2.) Legal Custody v. Physical Custody
Many different terms are used to describe different custody arrangements. However, in California, there are two types of child custody you must understand:
1. Legal Custody
2. Physical Custody
Legal Custody means who will make important decisions for your children such as health care, education, and
welfare, extracurricular activities, etc.
Physical Custody means who your children will live with.
3.) Custody/Visitation is not based on Gender
Contrary to popular misconception, child custody and visitation orders are not based on the gender of the parents. While it is true that often mothers are granted custody, if a father wants custody, he can be granted custody as well. I see it happen every day, so never assume that just because you’re the mom, you’ll automatically get custody of your children, and never assume that just because you’re the dad, that you can’t have custody.

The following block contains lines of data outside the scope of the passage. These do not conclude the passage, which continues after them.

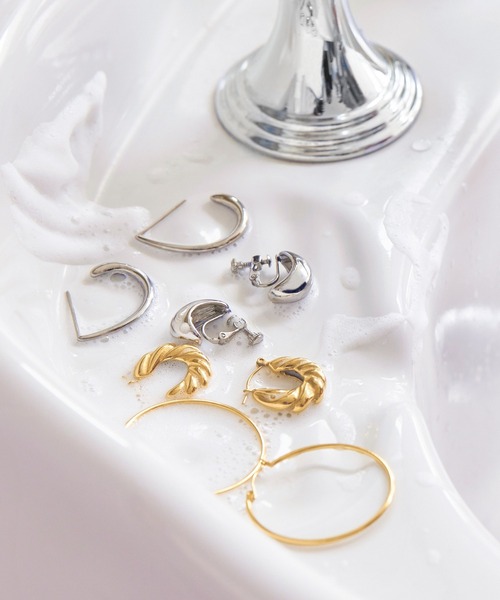 Phoebe（フィービィー）の「【金属アレルギー対応】ワンタッチビジューフープミニピアス/サージカルステンレス/ジェンダーレス（ピアス（両耳用）・レディース・シルバー/イエローゴールド/ピンクゴールド・FREE）」の6枚目の写真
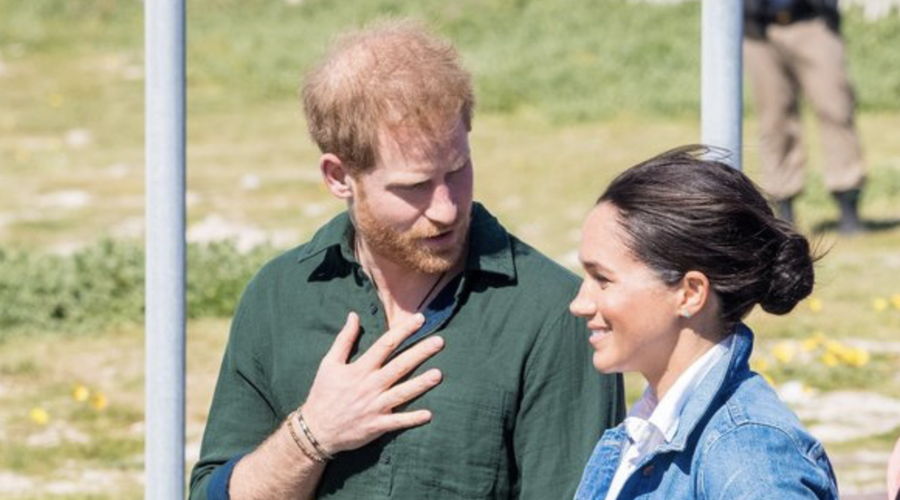 To je najbolj prisrčen poljub Meghan in Harryja, kar smo jih videli do sedaj (foto: Profimedia)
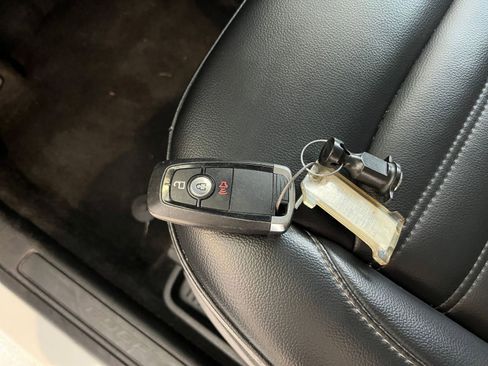 Used 2024 Ford Edge SEL image 22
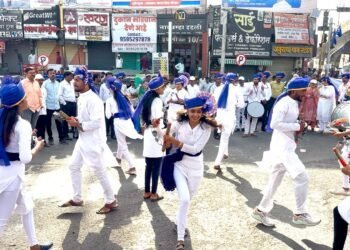 विद्यार्थ्यांचे लेझिम सादरीकरणढोल-ताशांच्या गजरात सामाजिक समरसतेचा संदेश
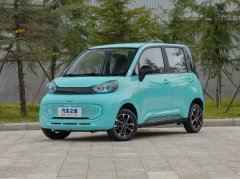 往往会推出高性能版本（如双电机四驱车型）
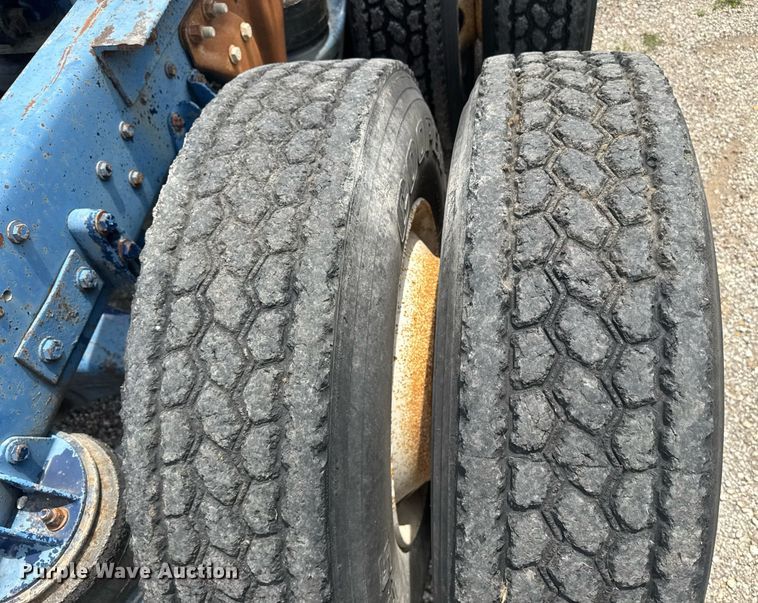 image for item DU7797 1989 Kenworth K100E semi truck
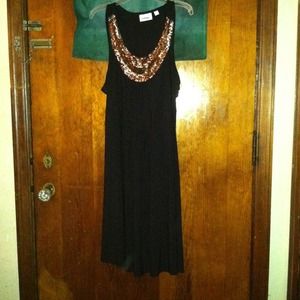 Cute Black dress w/sequins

4.) Child custody is determined by what’s in the child’s best interest
When the court makes initial child custody orders, it will consider many different factors including, but not limited to:
- The child’s existing living arrangements, schedule, and any potential effects significant change to such arrangements will have on the child.
- The parents’ relationships with the child.

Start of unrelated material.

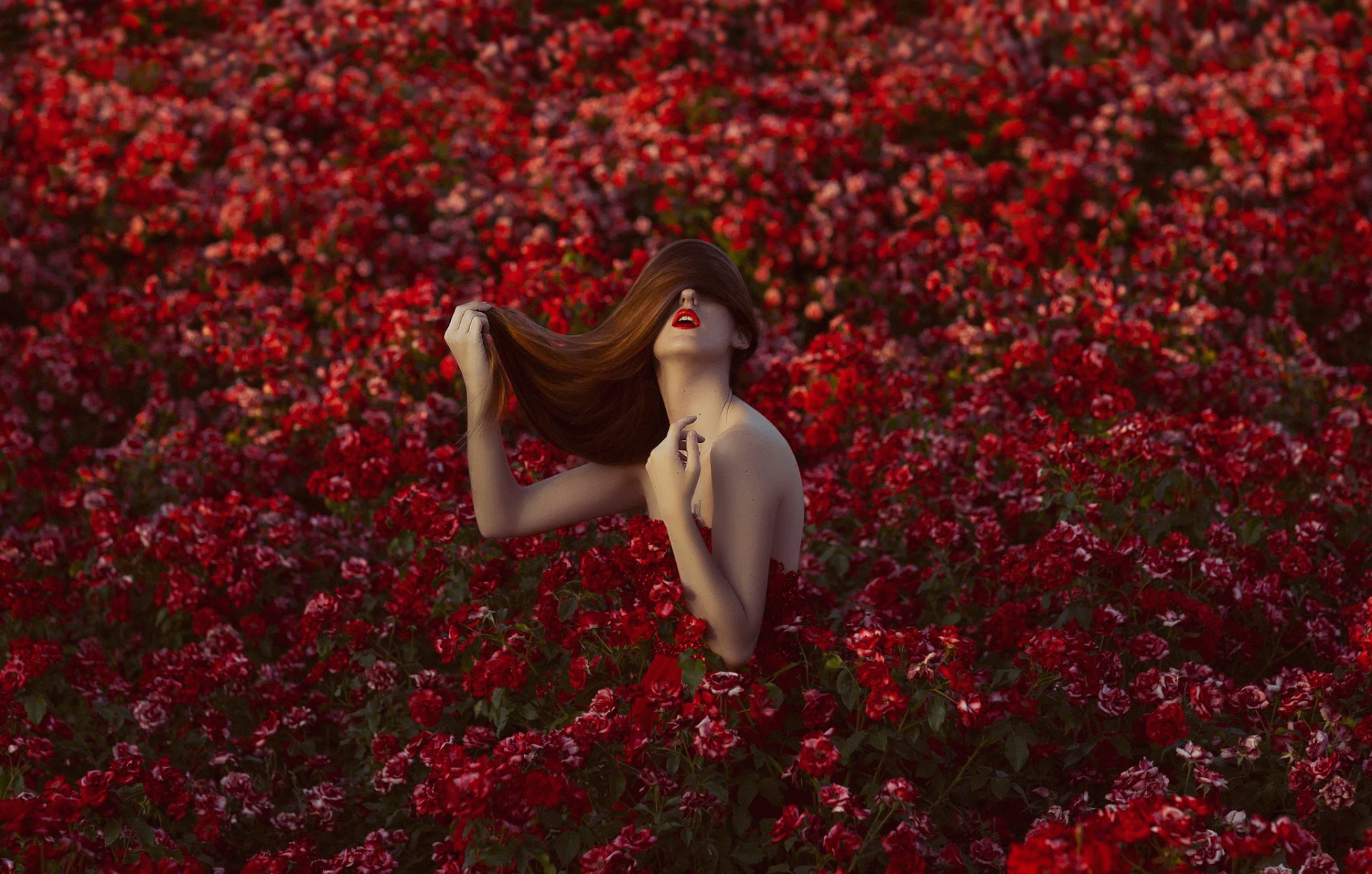 peau et épines mara sais fille maquillage fleurs cheveux éponges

- The parents’ lifestyles including abhorrent and criminal behavior or allegations of such.
- The health of the parents (both physical and mental).

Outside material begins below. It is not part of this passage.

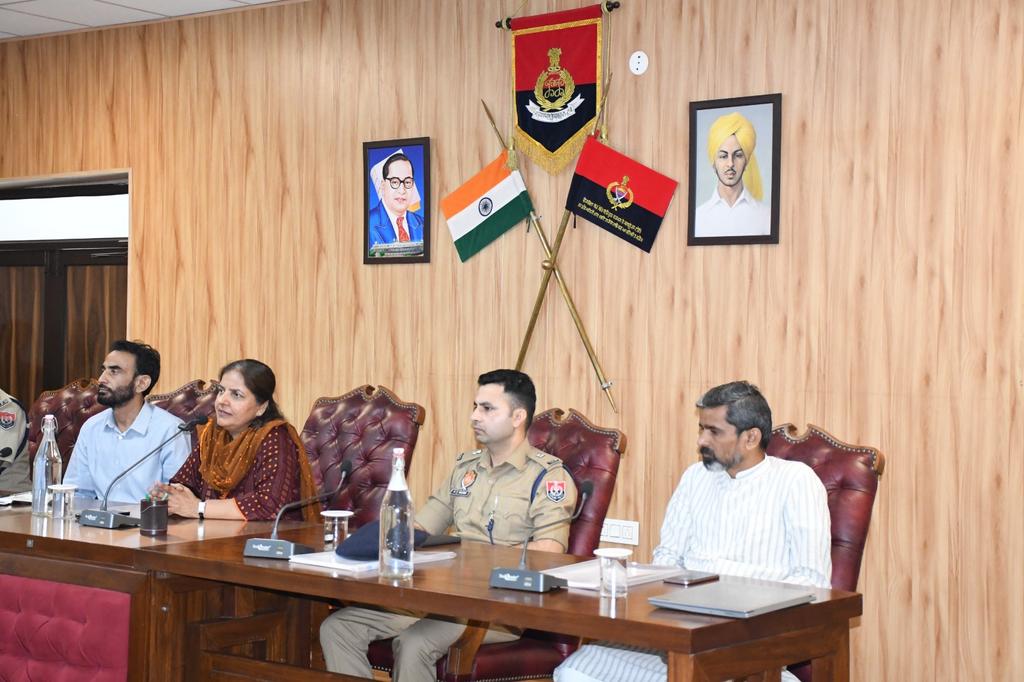 Today a day long training of  70 Police officials of Ludhiana Commissionerate was conducted by eminent experts on the subject. Ms. Gurpreet Kaur Deo, IPS, Spl. DGP CAD, Punjab presided over the one day long sensitization workshop along with Senior Police Officers of Ludhiana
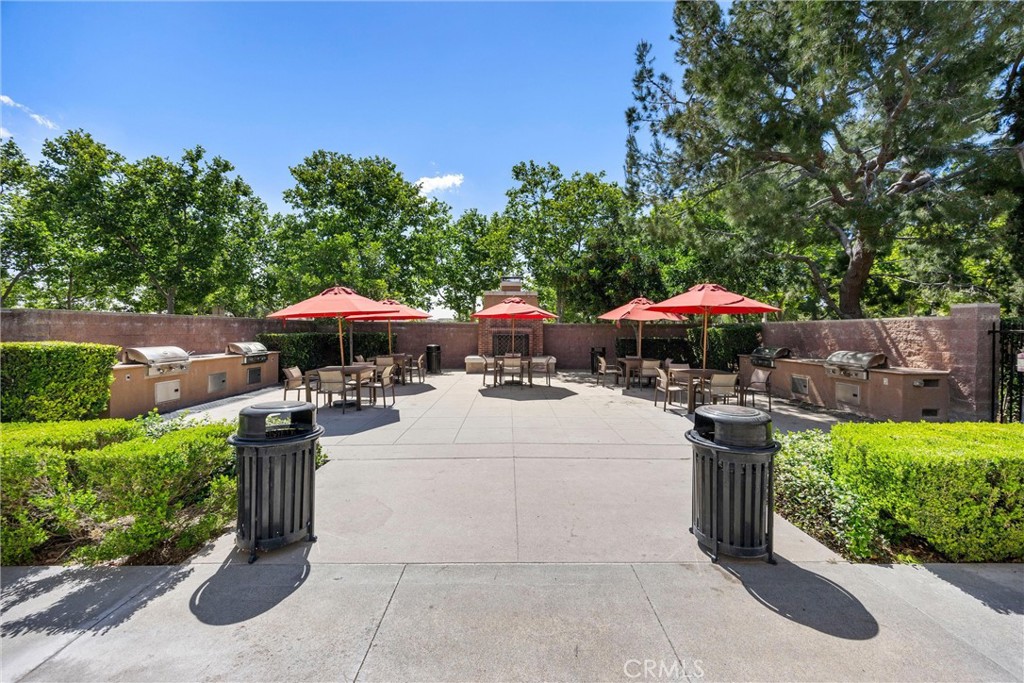 15908 Fountain Lane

- The living situation of the parents and their ability to provide for the child.
- The parents’ attitudes towards the other parent’s rights to the child.
- What the child wants
- The child’s age and gender
5.) It’s a process
Once the court gets involved in your family law matters, it’s a process – things do not happen overnight. While temporary orders may be issued shortly after your case begins, getting permanent orders is a process. How long the process takes depends on you and the other parent, whether you’re willing to make compromises to reach an amicable agreement, or whether you end up in a lengthy court battle.
6.)Payment of support is irrelevant
If your child’s other parent refuses or is unable to pay child support, there are several remedies for this problem. However, not allowing that parent to have custody/visitation is not one of them. Regardless of whether a parent pays support or not, your child is still entitled to have a relationship with them and custody orders must be followed.
7.) Settle if possible
Many mistakenly believe that settling their custody dispute is a bad thing because they would rather “win.” The reality is – there’s no such thing as really “winning” a custody case. Asking the court to make decisions related to your family is risky because you will likely not get 100% of what you want. To get just 1/2 of what you want will likely cost you a lot of time and money required to build the case. It’s important to know from the beginning what’s most important, what are your deal breakers, and what you’re willing to compromise on. Take those things and try your hardest to reach a settlement in lieu of a court battle. Judges are strangers. They don’t know anything about you, your child’s other parent, or your children. The only thing they do know about you is what is presented to them as evidence. Quite frankly, we all know that the evidence presented to the court is not always the best reflection of the true circumstances or complete facts. Decisions have to make sense to the court and be as fair as possible. Fair to them and you will likely not be identical.
8.) Be proactive
As mentioned before, going through the court system is a process – often a lengthy one. For this reason, proactivity is the best activity. However, many people often wait until there’s an urgency to legally handle their custody disputes (i.e. the other parent won’t allow them to see their child). This leads to unnecessary stress and disruption in the lives of the children involved. Request custody orders as soon after you and the other parent separate as possible or before a major dispute arises. Try to reach an agreement with the other parent when you’re on cordial terms rather than when you’re in the midst of a storm.
And ALWAYS remember: When dealing with custody/visitation disputes, this is not about YOU, it’s about what’s best for your child.